### Assignment
Everything from the line holding "3 Zimmer Wohnung, 2206" through the last line of the data, and nothing else, should be retyped exactly, with no pictures.

### Provided data
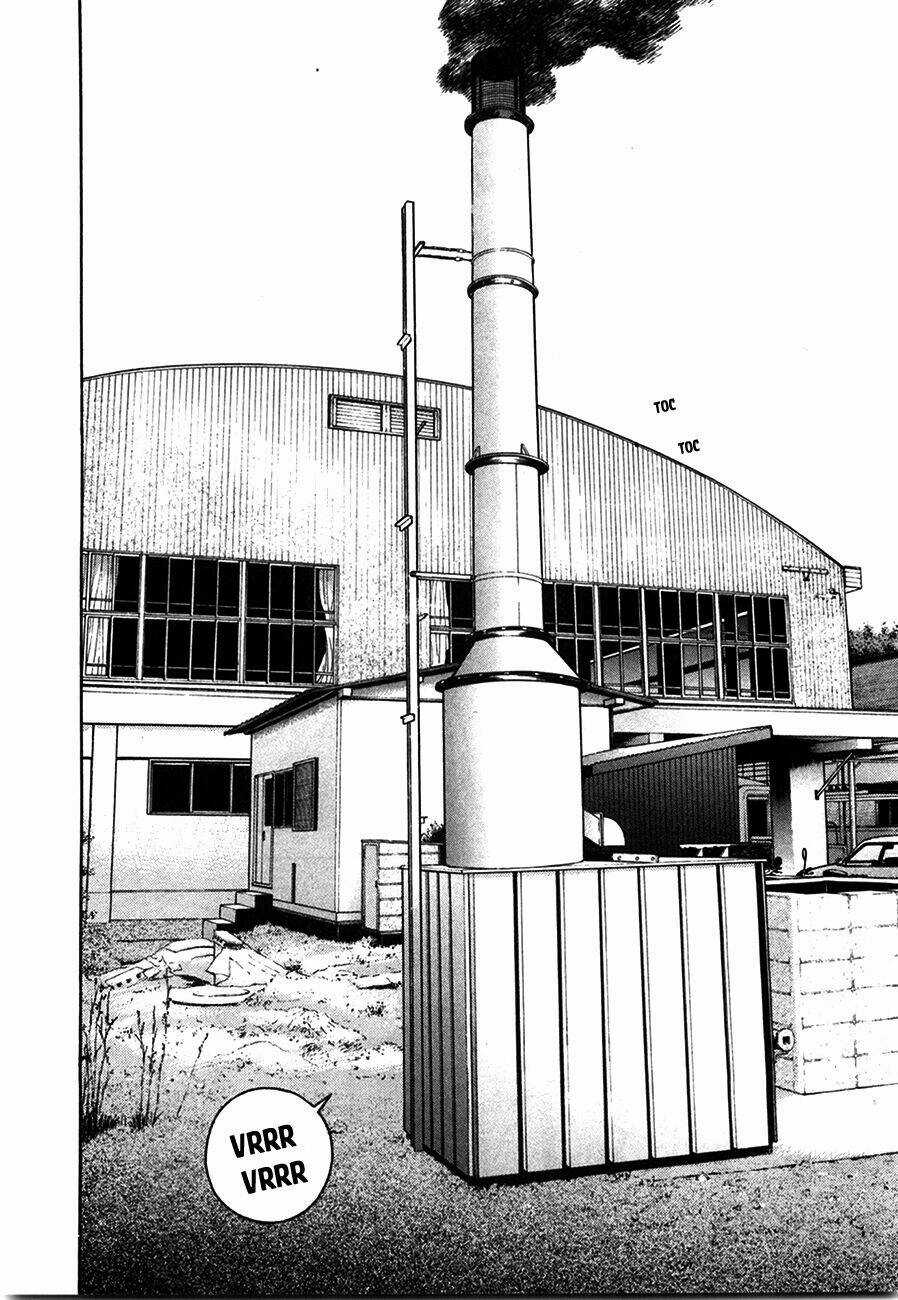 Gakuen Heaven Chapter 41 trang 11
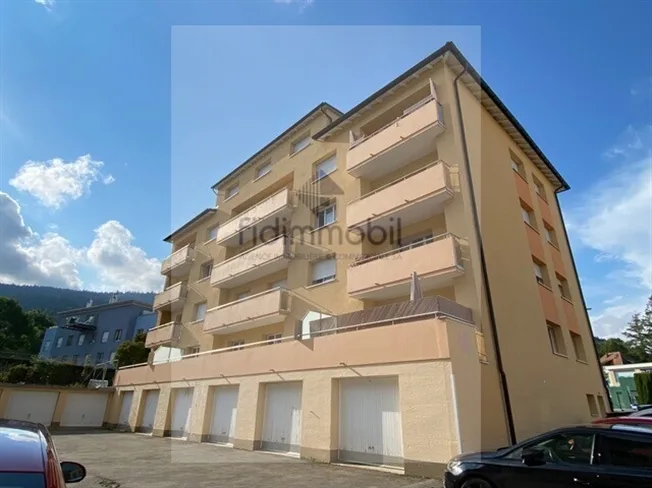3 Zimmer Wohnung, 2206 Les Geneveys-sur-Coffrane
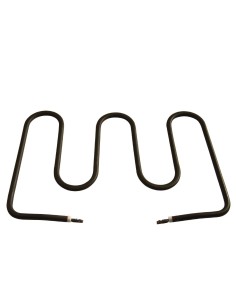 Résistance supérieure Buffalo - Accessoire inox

### Exercise output
3 Zimmer Wohnung, 2206 Les Geneveys-sur-Coffrane
 Résistance supérieure Buffalo - Accessoire inox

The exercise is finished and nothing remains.